What you should do:
Every line from the one with "Intake Valve" to the final line of the listing below should be repeated exactly, and only those.

(Input data Opens)

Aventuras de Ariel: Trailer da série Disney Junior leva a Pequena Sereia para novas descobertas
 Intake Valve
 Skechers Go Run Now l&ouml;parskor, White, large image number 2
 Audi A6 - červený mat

(Input data Closes)

Problem solution:
 Intake Valve
 Skechers Go Run Now l&ouml;parskor, White, large image number 2
 Audi A6 - červený mat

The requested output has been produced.